I’ve written articles that suggest risk planning and the creation of a Risk Management Plan as a deliverable on all of our projects, but often due to time constraints, budget constraints, and lack of customer interest, it either doesn’t happen or very little time and effort is dedicated to it and it becomes a very short spreadsheet list that is tucked away till later in the project. I’m not proud of it, but it is reality.
Risk management really shouldn’t be a once and done activity either. It needs to be a living, breathing end-to-end project activity. So in what time I do dedicate to risk management on each project I least do this….create a combined Issues/Risks list that becomes part of the weekly project status report and part of the weekly status call and review process. That way, it has all project eyes on it every week and we spend at least some time discussing the potential risks on the project and occasionally adding to it as the project is in progress. Some practical risk management is better than none…definitely.
In lieu of spending a large amount of time on an upfront risk management strategy with a full fledged, fully documented risk management plan, I’ve found that at least performing the following during a 1-2 hour session at kickoff time or during early planning phases can get key risks documented and monitored throughout the project.
Determine thresholds and identify potentials
During the formal project kickoff or during a very early planning session, sit down with your team and customer and consider what risk threshold you’re comfortable with. Obviously, you can’t cover everything – you can’t plan for every risk that might come up. You need to figure out what probability you care about. That may depend on your time and budget, but a good starting point is often 50%….meaning look at risks that would have an approximate 50% likelihood of occurring and affecting your project. Then brainstorm on potential risks. If it’s above 50%, document it. If it’s below 50%, toss it out. You could also look at it in terms of dollar impact, though that’s often a harder threshold to manage and that depends even more on the size of the project so it can vary a lot from project to project.

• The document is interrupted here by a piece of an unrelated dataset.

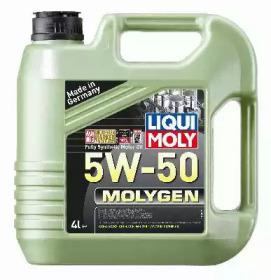 Liqui Moly 2543 Engine oil Liqui Moly 2543 Engine oil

Discuss mitigation / avoidance activities
I always consider risk avoidance to be better than risk mitigation. However, if you can’t completely avoid a risk, then you need to figure out how you’re going to react to it if it becomes a reality. For example, if you need 20 developers on your project and only 5 are available you may look at outsourcing the development work. That could be a huge risk and a mitigation strategy might need to be finding another outsourced development staff during the project – with a potential for a huge amount of re-work. An avoidance strategy could be to hire more development staff internally – depending on the overall need for developers in your portfolio of projects. The cost will be higher, but the potential risk has been greatly reduced – possibly even avoided for your project needs.

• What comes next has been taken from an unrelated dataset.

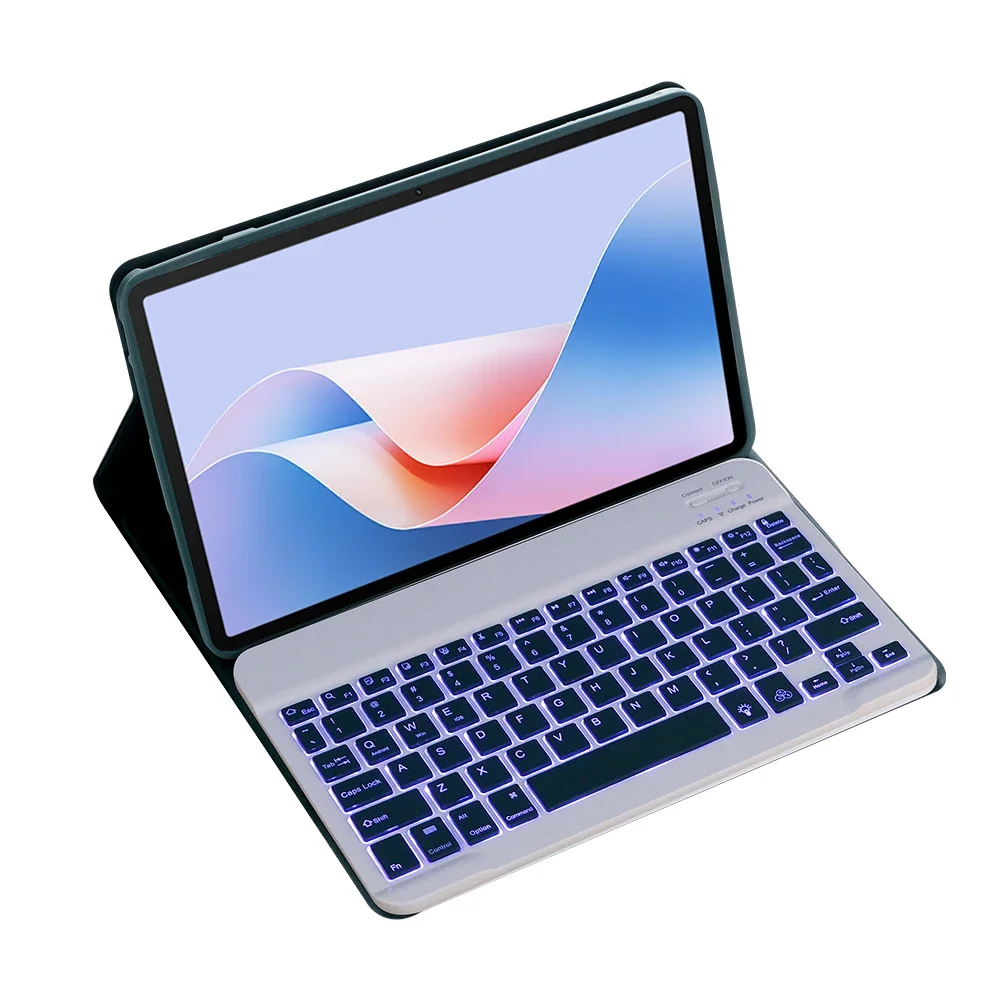 For Xiaomi Mi Pad 7S Pro Case  - Keyboard Cover review and price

Finally, make assignments. It won’t mean as much as the assignments you make on individual issues, but it’s critical that you have a primary person assigned and possibly a secondary resource assigned as well. The reality is, the entire project team will likely be involved in any risk response strategy, but a point person should keep their eyes on the risk item throughout the project.
A well-documented risk management process is always going to be a great strategy to follow. And the bigger the value placed on the project, the more important that risk strategy becomes. Unfortunately, the reality is that there usually isn’t enough money in the project budget to go that far with your risk planning and managing effort. So, figure out ways to do it in the real world – identify what you care to manage (thresholds), how you’ll react (mitigation/avoidance), and assign the risks so there is accountability throughout the project engagement. And do that well…it’s a start and it will help you mitigate and avoid some key risks along the way.